Ingrédients laitiers : « Il faut se préparer à des prix durablement élevés », selon la Rabobank
Pour Mary Keough Ledman, analyste spécialiste des produits laitiers à la Rabobank, les marchés doivent s’attendre à des prix des ingrédients laitiers durablement élevés. Les signaux d’une production laitière faible freinent notamment leur fabrication.
Mary Keough Ledman possède une connaissance approfondie des marchés et de la politique laitière nationaux et internationaux. Elle a une expérience de plus de trente ans dans la transformation des aliments, la politique agricole, la gestion des risques laitiers, l’information et la diffusion du marché ou encore la prévision des prix du lait et des produits laitiers.
La situation des prix des ingrédients laitiers est-elle inédite ?
Mary Keough Ledman - Le prix des commodités laitières a atteint effectivement des sommets inédits depuis 2014. L’indice Global Dairy Trade a augmenté de 4,6 % dans la seule journée du 18 janvier 2022. Les prix ont explosé sur tous les produits, de 5 % pour le beurre, de 1,1 % pour le fromage type cheddar, de 5 % pour la poudre de lait écrémée, de 5,6 % pour la poudre de lait grasse.
La demande chinoise a été très soutenue en 2021, même si elle s’est un peu allégée au second semestre. Ainsi, les importations chinoises ont au total augmenté de 16 % en 2021 par rapport à 2020, mais ont régressé à partir de septembre à -3 % sur la même période de l’année précédente. Le taux de croissance de la demande chinoise devrait se ralentir en 2022, surtout si les prix restent élevés. Leurs stocks sont suffisants.
Outre la demande chinoise, quelles sont les autres causes des prix élevés ?
M. K.-L. - La croissance de la production internationale de lait a connu un retournement lors du troisième trimestre 2021 dans la majeure partie des pays exportateurs. Les marchés devraient rester très tendus durant toute la campagne. Toutefois, les prix élevés tant pour le lait que pour les principaux ingrédients de gros volumes devraient inciter à un redémarrage de la croissance chez certains producteurs. Mais, l’inflation très élevée des coûts de production devrait freiner les plans d’expansion. De surcroît, les défis auxquels doivent faire face les laiteries, tant pour des aspects logistiques qu’en raison de l’incidence de la pandémie de coronavirus sur leurs équipes, vont limiter la capacité de ces acheteurs de lait à prendre en charge des volumes plus importants.

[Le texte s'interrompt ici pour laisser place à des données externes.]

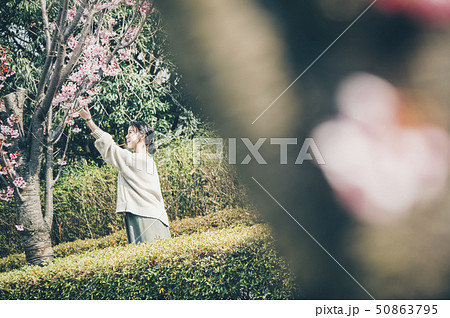 春 女性ポートレート 春 女性ポートレート 50863795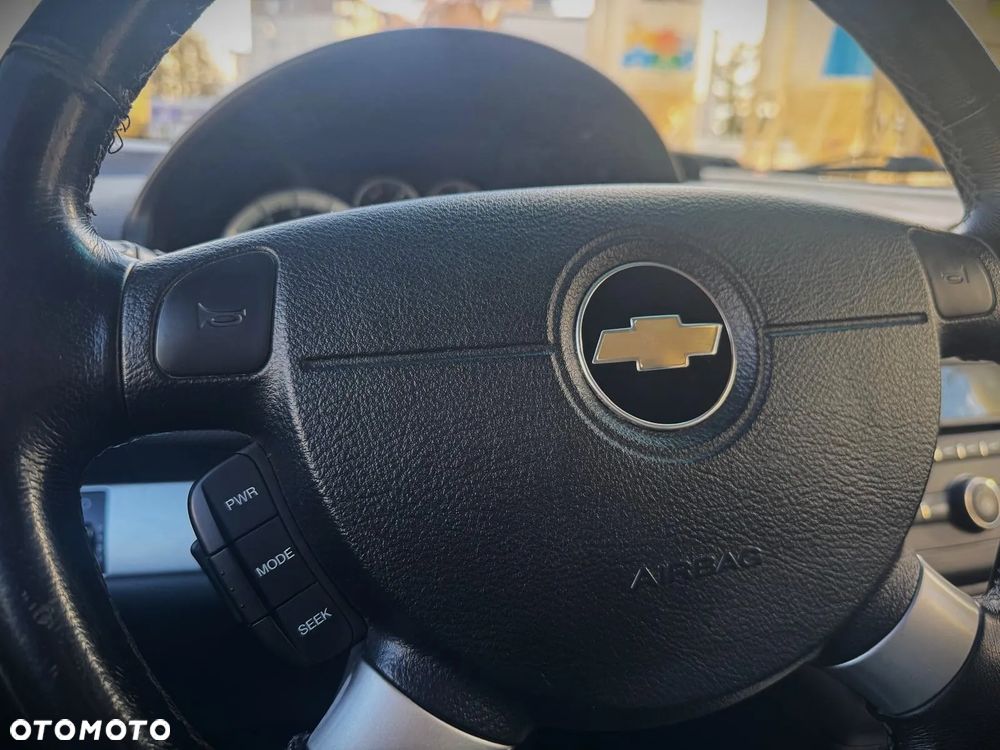 Chevrolet Aveo - 13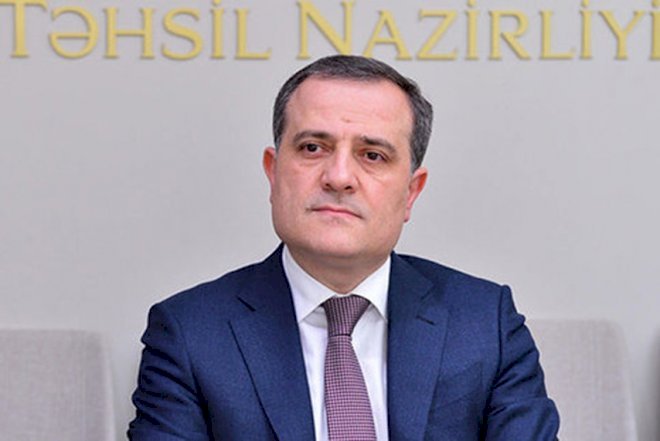    Nazir şöbə müdirini vəzifədən azad etdi   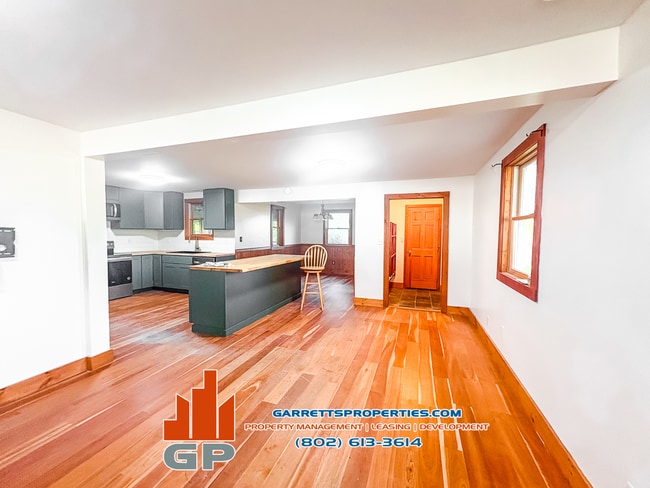 Photo - 175 Palmer Ct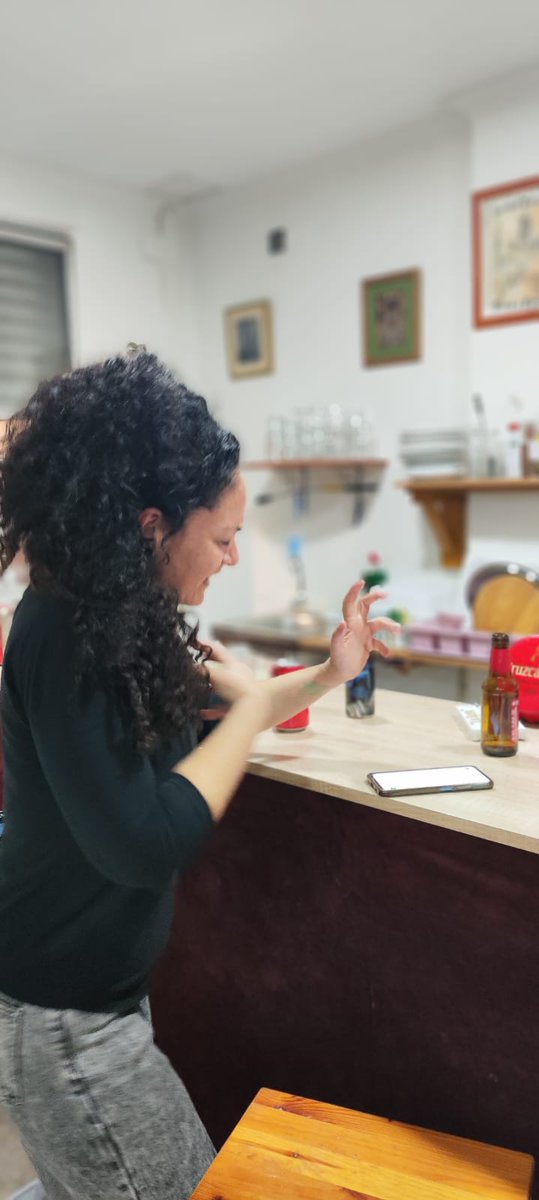 lacomparsadx's tweet photo. Seguimos ensayando y como no puede faltar nuestra Alicia. Nos seguimos preparando para los concursos que tenemos y sí, también vendrá con nosotros porque ella con sus manos canta y nos regala toda su sapiencia.
#DesdeMiMundo
#LaComparsaDX
#Carnaval2025 https://t.co/7cAZl3m6Uj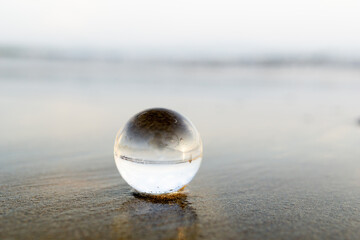 砂浜とガラス玉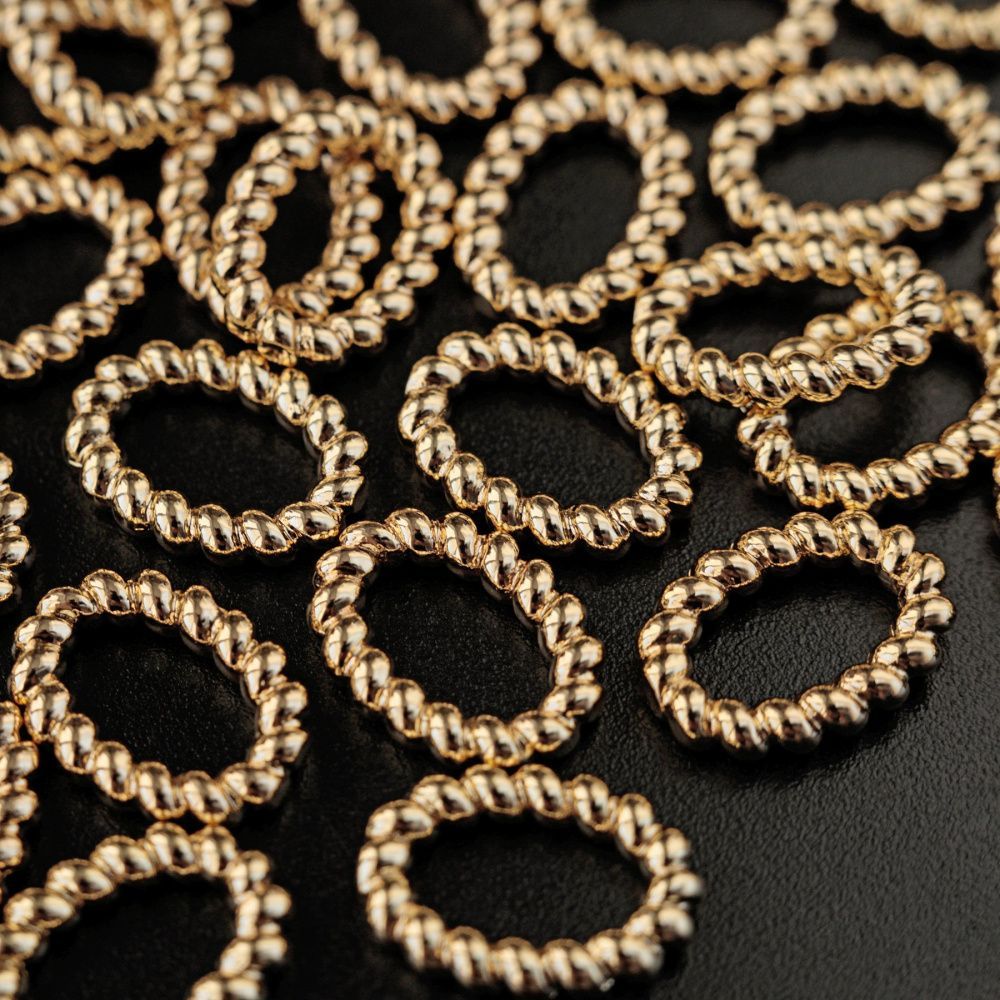 колечко овальное витое, неразъемное, позолота, 15.5x11.5x2.5 мм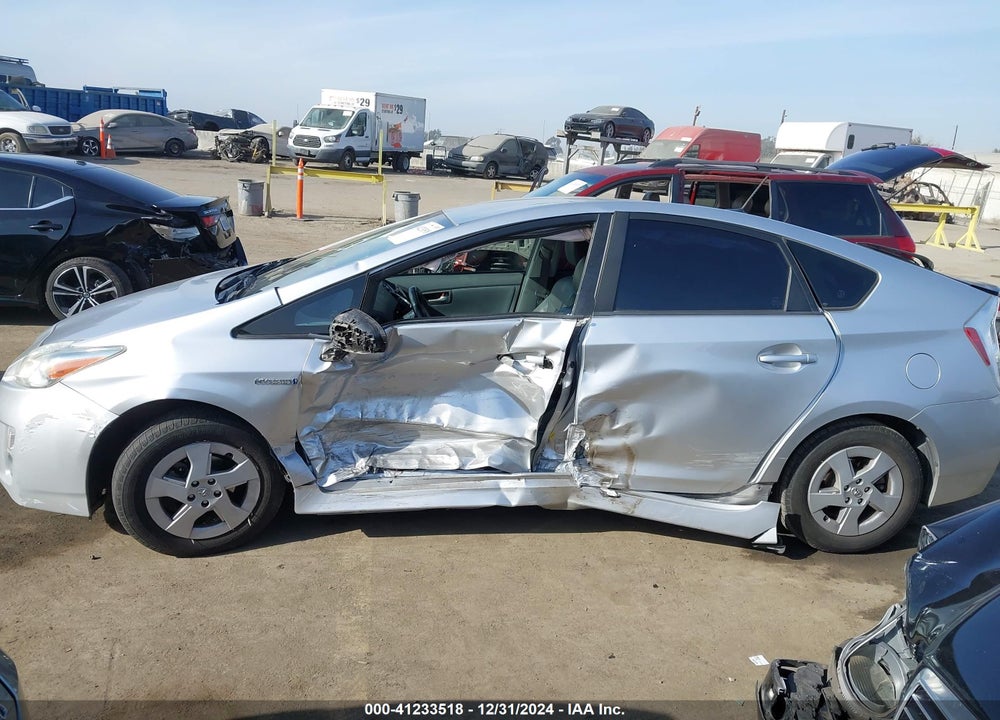 2011 TOYOTA PRIUS FOUR VIN: JTDKN3DU5B5322647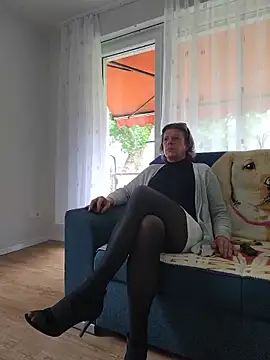 Snapshot of Peternylon1978 chatting on June 14, 2026, 11:44 am Peternylon1978 online show from June 14, 2026, 11:44 am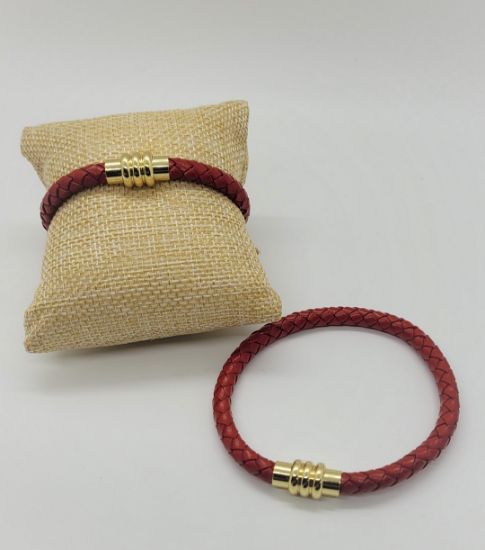 Picture of Red cord bracelet 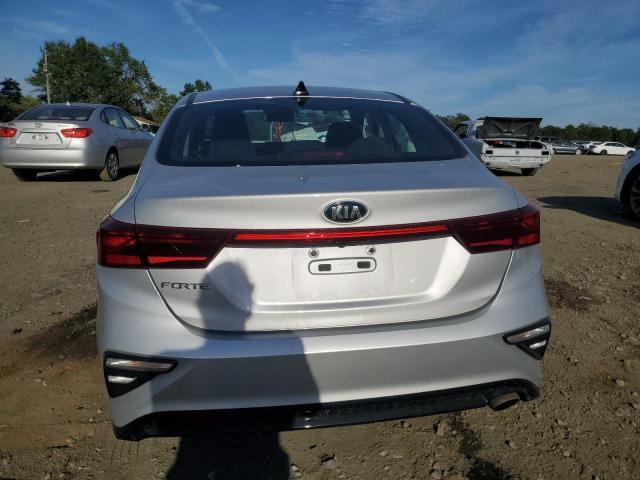3KPF24AD3LE173715 - 2020 KIA FORTE FE SILVER photo 6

Les principaux producteurs sont-ils en décroissance ?
M. K.-L. - La production laitière de la Nouvelle-Zélande a, par exemple, lourdement chuté en décembre 2021 de 5 % et la collecte entre mars et mai 2021 y a été très élevée, ce qui rend quasiment impossible une croissance comparable en 2022.
Aux États-Unis, la croissance de la collecte s’est retournée à partir de novembre. L’augmentation des prix stimule de nouveau la production, mais la taille du troupeau laitier américain restera inférieure à celle des années précédentes au moins jusqu’au second semestre 2022.
La forte demande sur les marchés du beurre et des poudres de lait devrait faire passer les prix du lait américain de classe IV (lait transformé en beurre et poudre maigre, NDLR) au-dessus de ceux de la classe III (lait utilisé pour les fabrications fromagères, NDLR) durant une bonne partie de l’année.
Peut-on prévoir une détente dans les prochains mois ?
M. K.-L. - Les prix devraient rester durablement élevés, même s’ils ne devaient pas se maintenir aux prix les plus hauts atteints certains jours. Il faut, en effet, se souvenir que les périodes assez longues de prix bas dans les dernières années étaient liées, d’une part, à l’augmentation très rapide de la collecte néo-zélandaise et, d’autre part, à la fin des quotas laitiers dans l’Union européenne qui, eux, se combinaient avec des stocks lourds dans des marchés plombés. Aujourd’hui, la situation est profondément différente, avec, notamment, des stocks très bas et des disponibilités en lait faibles qui freinent la transformation en ingrédients laitiers.